Paul McEuen, Cornell professor of physics, described his research group's work on nanotubes at a session of the American Chemical Society meeting in Chicago today (Aug. 26). His talk,"Carbon Nanostructures," was part of an extended session on molecular electronics.

Carbon nanotubes are tiny cylinders made of carbon atoms interlinked in a hexagonal pattern. Each carbon atom is bonded to its neighbors by three valence electrons, leaving one electron free to roam. (A valence electron takes part in forming chemical bonds.) This is what allows nanotubes to conduct electricity. A typical nanotube is a few nanometers in diameter and several microns long. (A nanometer is one billionth of a meter, defined as three times the diameter of a silicon atom. A micron is one millionth of a meter, or about three times the diameter of a human hair.)

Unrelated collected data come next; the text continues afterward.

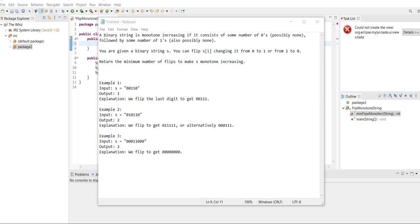Hello and welcome to a brand new video. Today we're going to be solving the problem where we have a string filled with zeros and ones, and we need to find the minimum number of flips — meaning zero to one or one to zero — that will allow the first part of the string to be zeros and the next part to be ones, so it's basically just increasing the whole time.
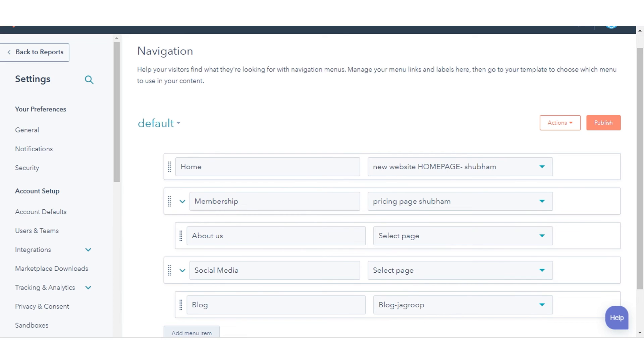Once all your changes are done, click Publish. This menu will now be available to add to an advanced menu module.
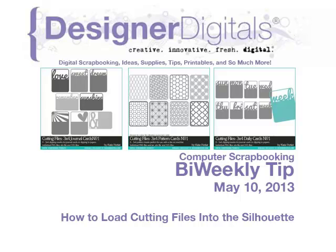Welcome to Designer Digital's Bi-Weekly Tip, May 10, 2013. This week, how to load cutting files into the Silhouette Studio software.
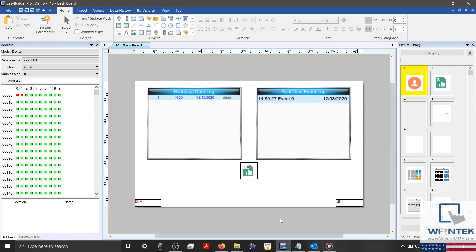Hello everyone. Today, we're going to demonstrate how to use a backup object to create a CSV file from data sampling or event history within your EasyBuilder Pro project. To begin, I have a basic project on display which is configured to record some mock data.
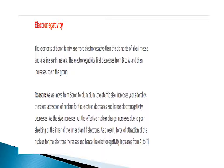Electronegativity. The elements of the boron family are more electronegative than elements of alkali metals and alkaline earth metals. The electronegativity first decreases from boron to aluminium and then increases down the group. As we move from boron to aluminium, atomic size increases considerably, so the nucleus's attraction for electrons decreases and electronegativity decreases. However, as size increases further, the effective nuclear charge increases due to poor shielding by inner d- and f-electrons, so electronegativity increases from aluminium to thallium.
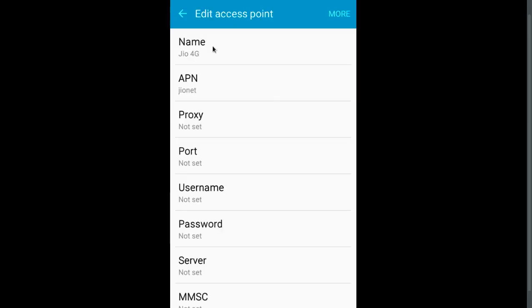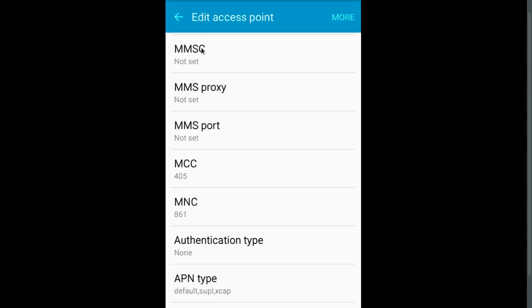For the name you can give any name. APN should be GeoNet. MCC 405, MNC 861.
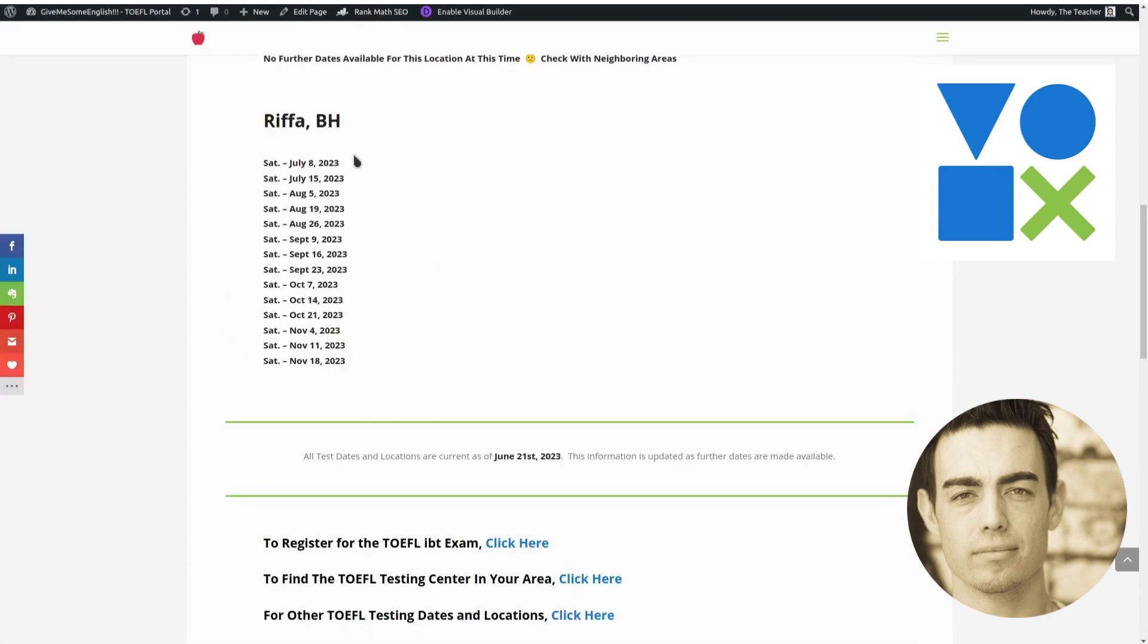And as you can see, there are basically about three dates per month. There's only two in July, but then there are three in August, three in September, three in October, and three in November.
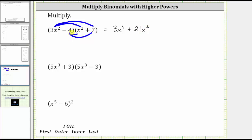And now because of the minus four, we distribute negative four. Minus four is equivalent to plus negative four. Negative four times x squared is negative four x squared, so let's write minus four x squared, which is equivalent. And then we have negative four times positive seven, which is negative 28, giving us minus 28.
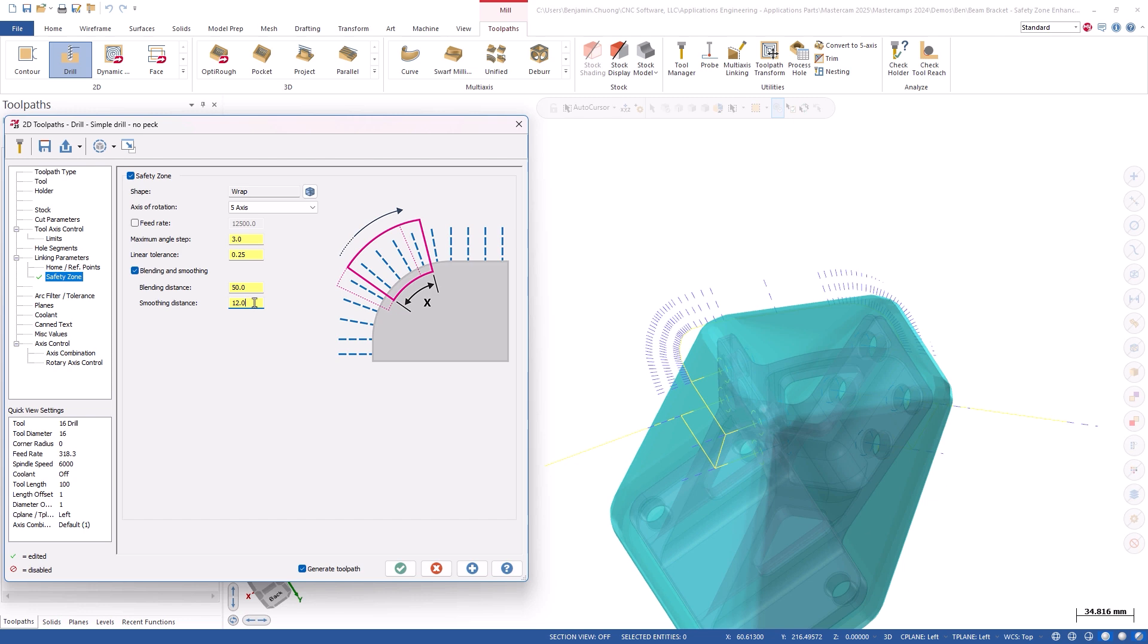Users can now tailor the linking motion to be safer, smoother, and more accurate.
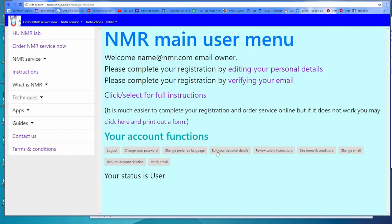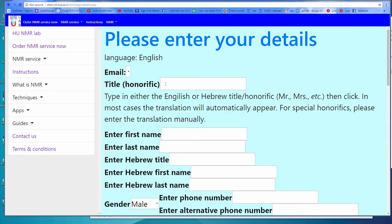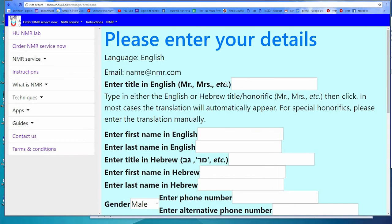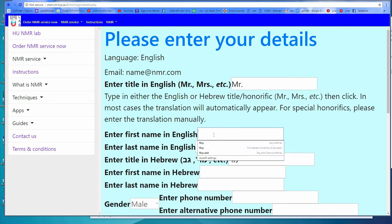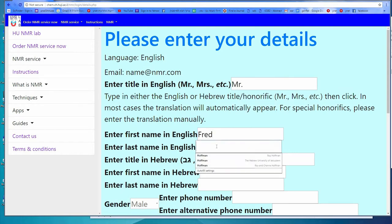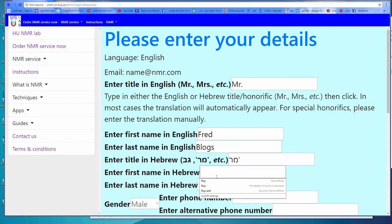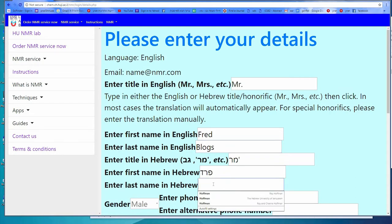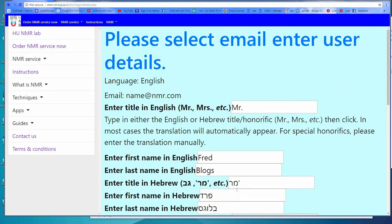After creating your account, please edit your personal details, starting with the title or honorific. If you type in the correct name, it will automatically translate to Hebrew. Then enter your name in English and in Hebrew. If you don't know how to write your name in Hebrew, please call us to help you with that.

Carbon nanotubes may be extremely good conductors of electricity that do not heat up excessively when current passes through them. Since electrons can only move straight along the path of the tube, they aren't scattered at various angles, as they would be in, say, a copper wire. Instead, they zip along in what is called "ballistic" motion. If the carbon atoms in the chicken-wire lattice of the tube are arranged in a spiral pattern rather than in straight lines, nanotubes become semiconductors that can be used as transistors.

Right now, scientists and engineers are intensively studying the tiny structures to find out how they work. McEuen's group is concentrating on the basic physics of their behavior and using them to study the physics of electrons. Some nanotubes are made up of several concentric tubes. McEuen's group has concentrated on studying single-wall tubes. In 1997, along with a group at the Delft University of Technology in the Netherlands, they were the first to study electron transport in single-wall tubes.

In earlier work, both groups studied the behavior of electrons moving in and out of single-wall tubes by a mechanism known as tunneling. Their conclusion was that it is much harder for an electron to tunnel into a one-dimensional conductor than into a two- or three-dimensional one. "Other electrons have to get out of the way. In a three-dimensional system, that's not so difficult because the electrons can go off every which way," McEuen explained. The experiments confirmed a long-held theory that could not be tested until nanotubes provided a way to create a one-dimensional system.

At the ACS meeting, McEuen described the use of an AFM to study nanotubes. This device suspends a tiny tip above a sample and uses a sensitive cantilever mechanism to measure minute up and down motions of the tip. In McEuen's work, a positive voltage is applied to the tip, and the electrostatic attraction between the tip and the electrons in the nanotube is measured. Turning up the voltage on the tip can cause a single electron to move into the tube; this in turn increases the electrostatic attraction, pulling the tip down. McEuen has found that the addition of a single electron to the tube causes a measurable dip, making it possible to count electrons as they enter or leave the tube. The experiments are done in a cryostat cooled by liquid helium.

"We use an AC voltage at the resonant frequency of the cantilever to amplify the force," McEuen explains. This causes the electron to move rapidly in and out of tube, he says. "[The tip moves] in little hops because the charges are quantized. If I can detect that wiggling I can feel the force of a single electron as it hops on and off the tube. So you can feel the force of single electron motion."

It's possible, by moving the tip along the tube, to image what's happening at various points, he adds.

McEuen also has found that the AFM can be used to introduce defects into a nanotube. "We hold an AFM tip over it and we put a voltage spike on it and we just kind of blow it. We don't really know what we do microscopically, but when we're done, if we zap it hard, we cut it. If we just nick it you won't see anything, but electrically it will have higher resistance." After introducing a few defects, he says, using the AFM to push the tube may cause it to bend sharply.

Earlier work by McEuen's group was done at the University of California at Berkeley, and some of it continues there. McEuen joined the Cornell faculty in January, 2001.